Quote the entries below from the line with "Miss Not-So Sidekick Chapter 41 – Page 15" through the line with "Чехол Apple для", both ends included, and only those lines.

Data to examine:
********************

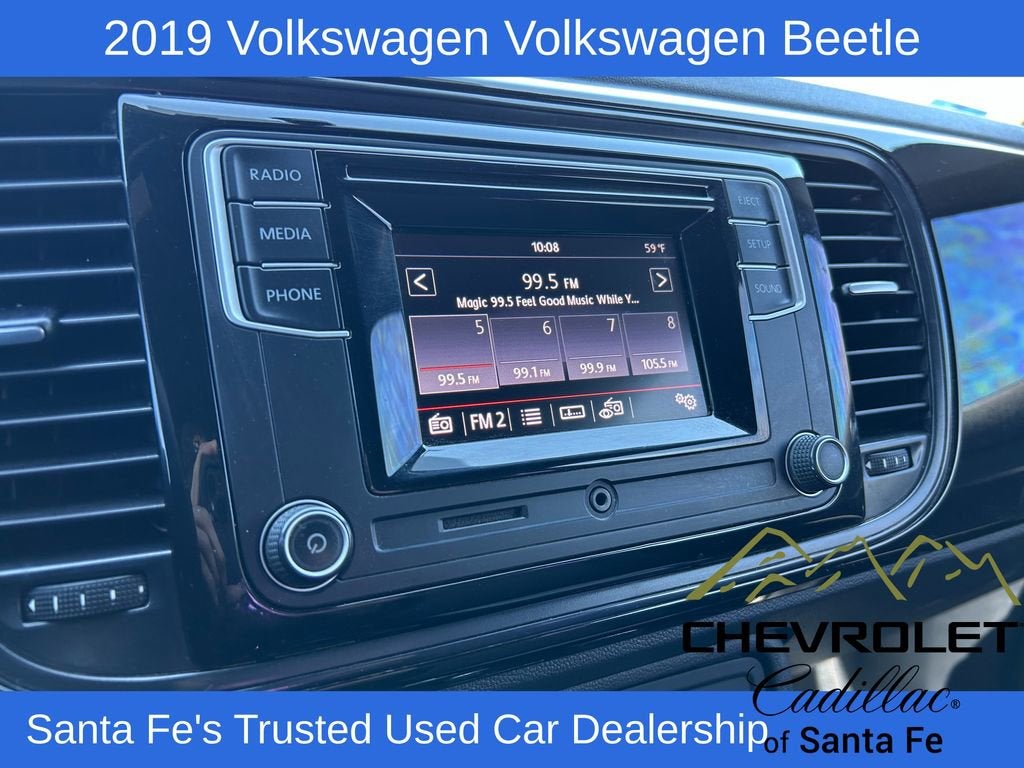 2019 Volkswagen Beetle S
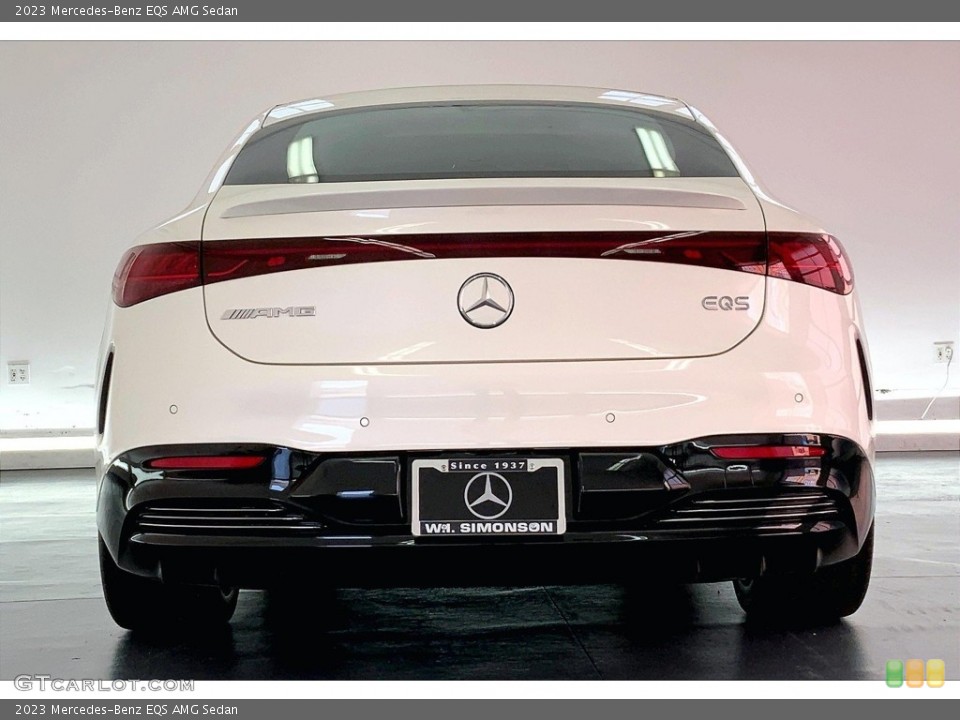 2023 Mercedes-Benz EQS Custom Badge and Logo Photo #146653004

********************

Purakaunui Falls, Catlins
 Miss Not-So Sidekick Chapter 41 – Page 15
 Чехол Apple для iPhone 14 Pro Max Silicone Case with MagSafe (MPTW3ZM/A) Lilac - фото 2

********************

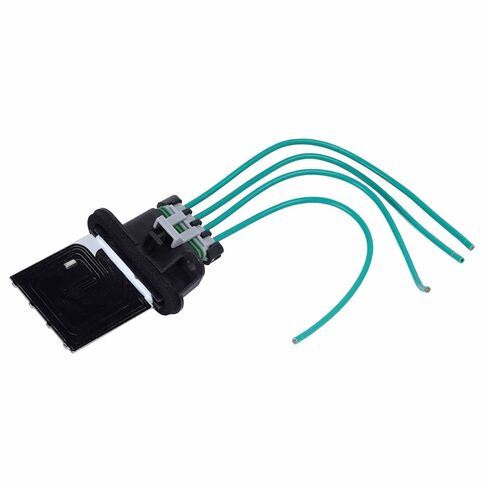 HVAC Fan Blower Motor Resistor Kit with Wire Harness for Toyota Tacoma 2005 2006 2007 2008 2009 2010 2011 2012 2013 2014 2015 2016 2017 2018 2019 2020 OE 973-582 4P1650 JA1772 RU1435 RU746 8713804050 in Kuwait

********************

Task answer:
 Miss Not-So Sidekick Chapter 41 – Page 15
 Чехол Apple для iPhone 14 Pro Max Silicone Case with MagSafe (MPTW3ZM/A) Lilac - фото 2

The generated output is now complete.